Behavioral Baseline The Agent analyzes the user's Trusted Geo and Trusted Device. For example, if a Sales Rep who normally works from New York suddenly requests access to the CRM from an unrecognized device in a different country, the Agent flags it.
Usage Frequency The Agent analyzes historical access patterns. If a Finance Analyst typically accesses quarterly tax records once every three months, a request to access them three days in a row would be identified as an outlier.
Peer Usage Clustering The Agent uses clustering models to compare the requester against their peers. If an Account Executive requests access to a specialized HR database that only the People Operations team uses, the risk score increases.
On-Call / Shift Signals The Agent has integrations with tools like PagerDuty, Incident.io, or human-capital management (HCM) shift schedules. If an escalation engineer is officially "off-shift," a request to access sensitive customer data triggers a manual review.
Ticketing Signals The Agent integrates with tools like Jira or ServiceNow and verifies if there is an active, assigned ticket or an approved change request that justifies the access.

Intelligent Escalation

When the Approver-Agent’s confidence level is low—meaning it cannot verify the context, the risk of the requested access is too high, or there is a failure in some of the context signals—it doesn't just reject the request. It routes the request to an approver with a full contextual briefing, providing the specific reasons for the flag. For example:

"The user is requesting access from a new Geo, and the request time is not typical for this user. Furthermore, this is the 3rd request by this user in the last 5 minutes, having requested 3 different types of access back-to-back."

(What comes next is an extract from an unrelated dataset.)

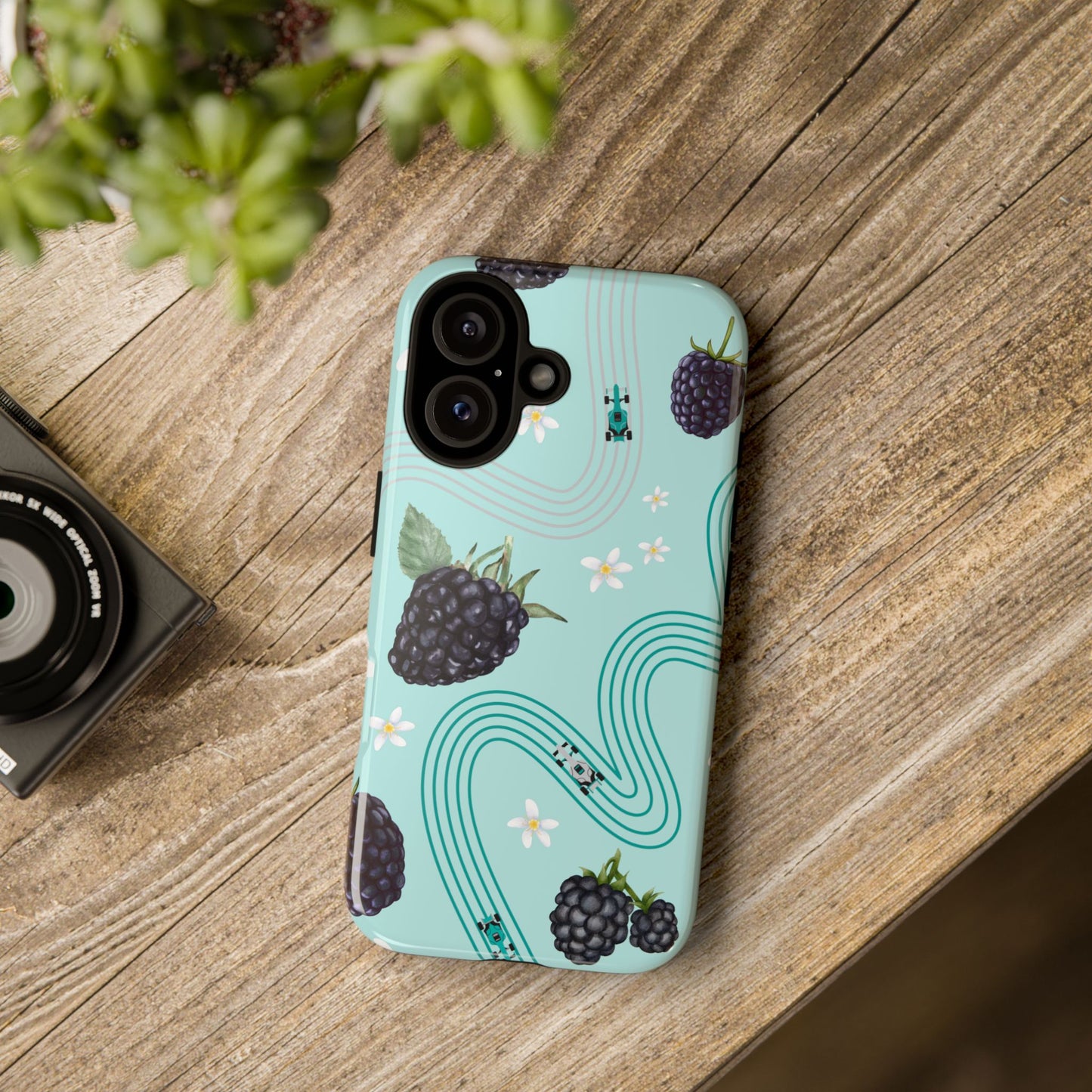 Teal F1 Mercedes and Blackberries Phone Case , Trendy F1 Gift, Formula 1 Gift, Cute Fruit F1 Phone Case, Unique Phone Case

Approvers are no longer flooded with routine notifications, because the Agent handles the vast majority of safe, "paved-path" requests automatically. Only a small subset of high-risk requests are sent to the human approver, dramatically reducing the administrative overhead associated with manual approvals. This allows the approvers to ignore the noise and make fast, informed, data-driven decisions on the events that actually matter.

Impact: Agility Meets Security

By combining Dynamic Context with External Signals, Andromeda allows organizations to move beyond the limitations of existing, workflow-based JIT. The results are measurable:

  • Zero Impact on Productivity: Because the Agent approves most requests, requesters receive the access they need instantaneously in most cases. Engineers and business users can remain agile and focused on their work, rather than waiting for requested access.
  • Drastic Attack Surface Reduction: By moving from permanent "standing" access to JIT, you ensure that high-risk permissions only exist when there is a verified business need. This eliminates the window of opportunity for attackers to move laterally using idle privileges.
  • Optimized Security Oversight: Only outlier requests—those that truly pose a risk—are routed to a human approver, reducing administrative overhead and preventing "approval fatigue." When a human is needed, they have the full context of what they need to pay attention to in front of them to make a high-stakes accept or reject decision, securely and quickly.

Andromeda continues to expand both the internal dynamic context and the external signals, e.g., with upcoming integrations into XDR tools (Crowdstrike and Microsoft Defender) to include real-time user and device posture in the Agent’s decision-making process.

Our mission is to ensure Just-in-Time Access is secure and frictionless to improve user productivity and operational efficiency to accelerate the business.